- _TASK OBJECTIVE_
Return each line of the records with nothing changed, pictures excepted.
*** Opening of EXTRACTED MATERIAL ***
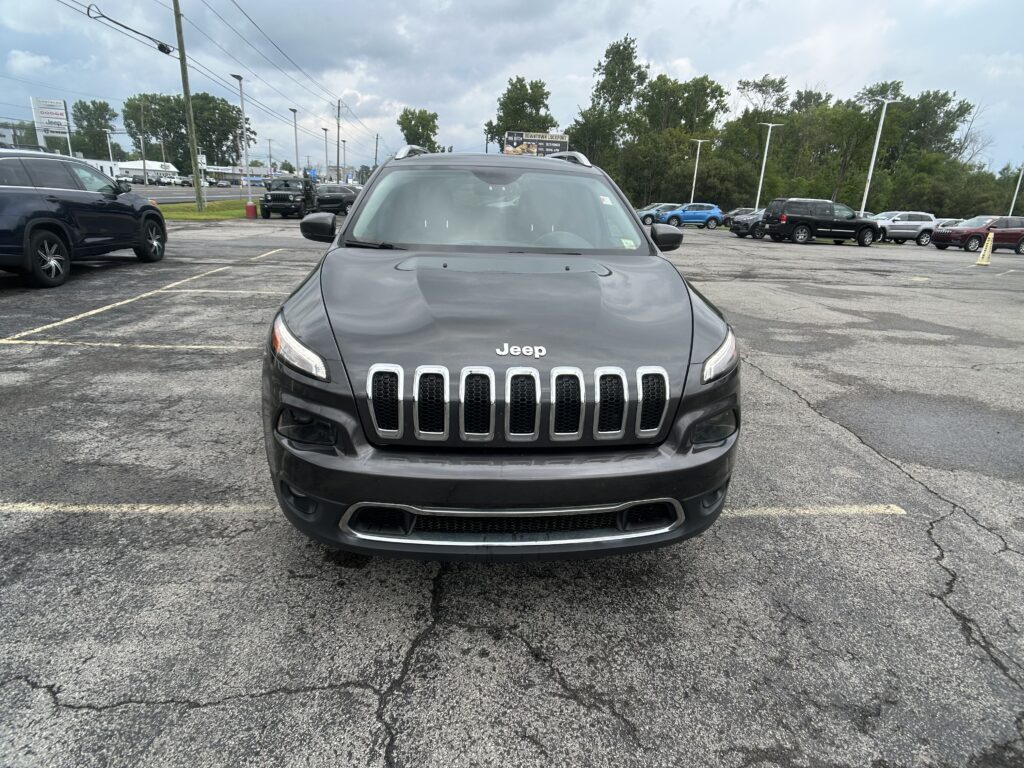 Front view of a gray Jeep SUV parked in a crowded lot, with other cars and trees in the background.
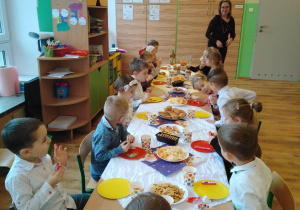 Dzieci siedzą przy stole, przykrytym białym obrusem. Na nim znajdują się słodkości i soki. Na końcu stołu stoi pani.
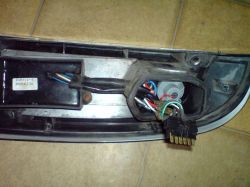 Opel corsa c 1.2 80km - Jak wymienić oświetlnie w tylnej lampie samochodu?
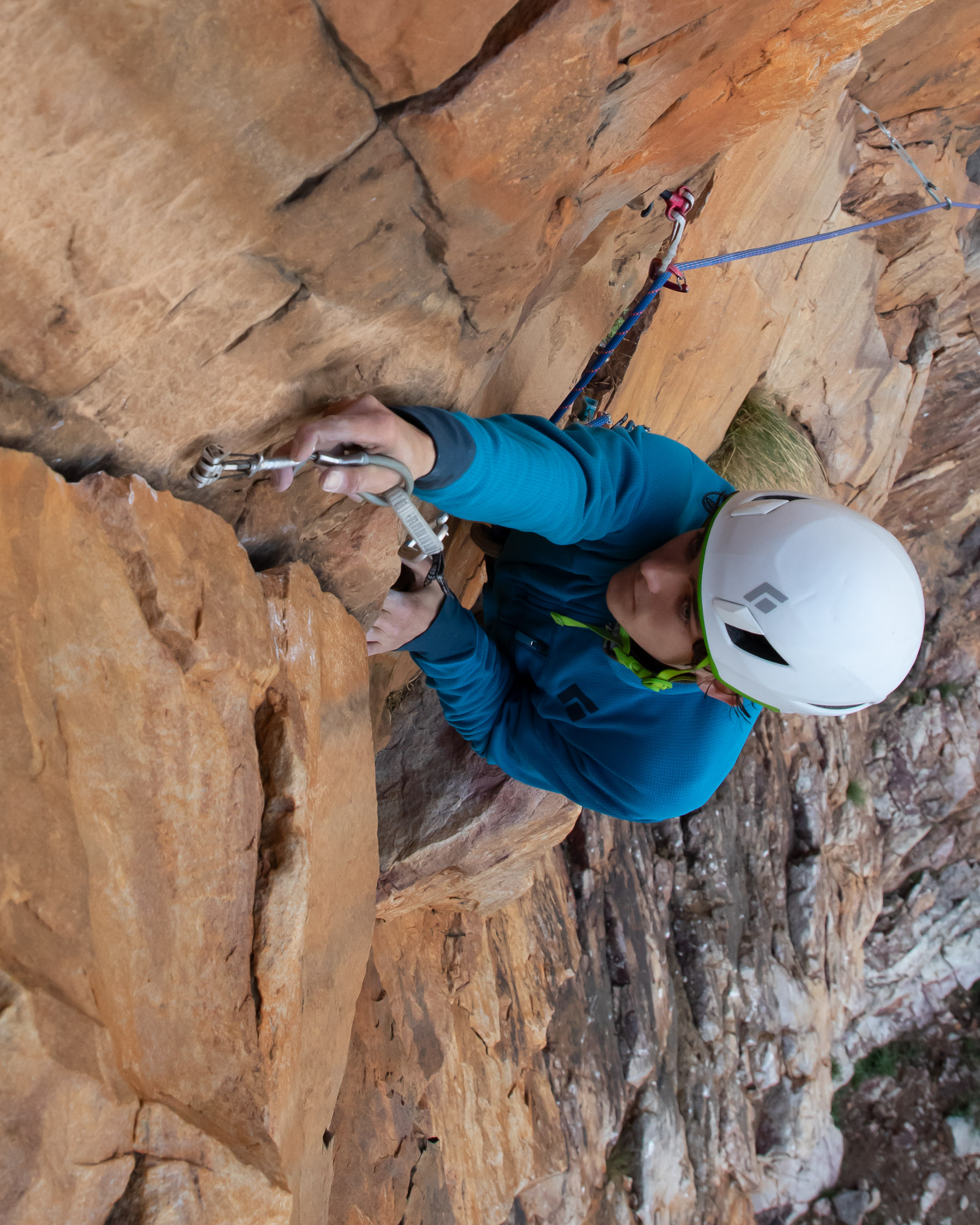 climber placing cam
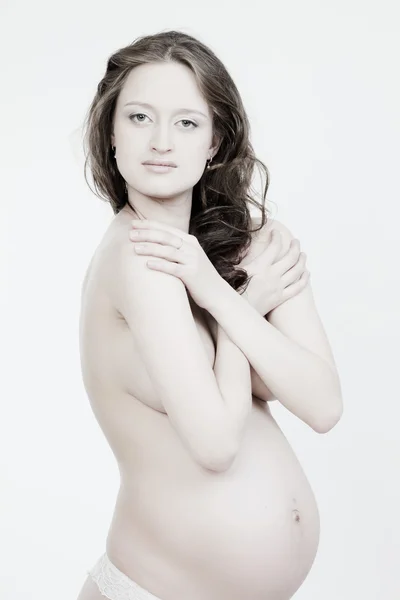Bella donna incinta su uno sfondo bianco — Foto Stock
*** Close of EXTRACTED MATERIAL ***
- _PROBLEM SOLUTION_
 Front view of a gray Jeep SUV parked in a crowded lot, with other cars and trees in the background.
 Dzieci siedzą przy stole, przykrytym białym obrusem. Na nim znajdują się słodkości i soki. Na końcu stołu stoi pani.
 Opel corsa c 1.2 80km - Jak wymienić oświetlnie w tylnej lampie samochodu?
 climber placing cam
Bella donna incinta su uno sfondo bianco — Foto Stock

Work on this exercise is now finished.